No era el Sodalicio el que estaba mal, sino yo. Sacudirme esa conclusión me demoró más de una década. Y a pesar de lo que allí yo escribía con candorosa ingenuidad —«sé que podré contar siempre con la ayuda de mis hermanos sodálites en los momentos más difíciles»—, lo que en realidad ocurrió fue otra cosa: una mezcla de traición, desprecio y discriminación hacia mi persona por haber abandonado el camino de la vida consagrada sodálite.
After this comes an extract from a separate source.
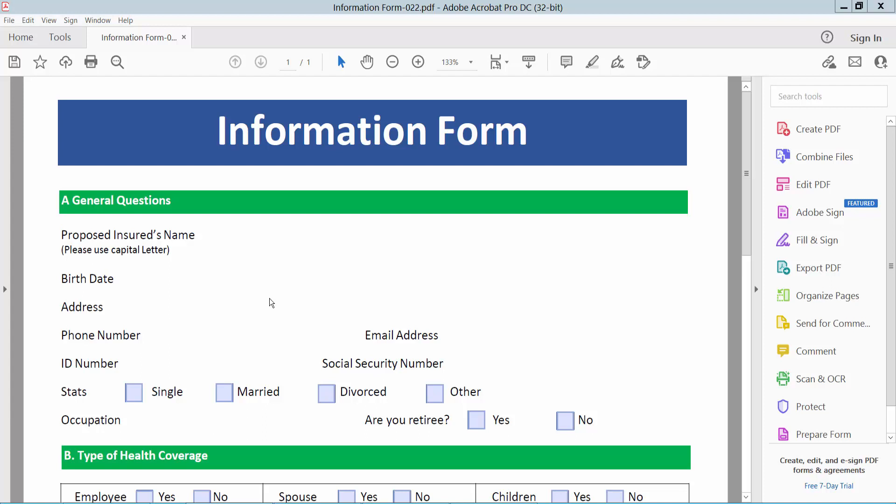Hello everyone, today I will show you how to make a text field required using Adobe Acrobat Pro DC.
Cada vez que se lea una de esas cartas de sujeción, se deberá ponerlas en su contexto y conocer las circunstancias en que fueron escritas. No son expresión de libre voluntad —pues se revisaba sus contenidos para que estuvieran conformes, mientras se tenía controlados mental y afectivamente a quienes las escribían—, sino prueba del lavado de cerebro que se practicaba en el Sodalicio. Y uno de los artefactos más atroces de la manipulación ejercida por las autoridades sodálites sobre quienes pertenecen o pertenecieron al Sodalicio.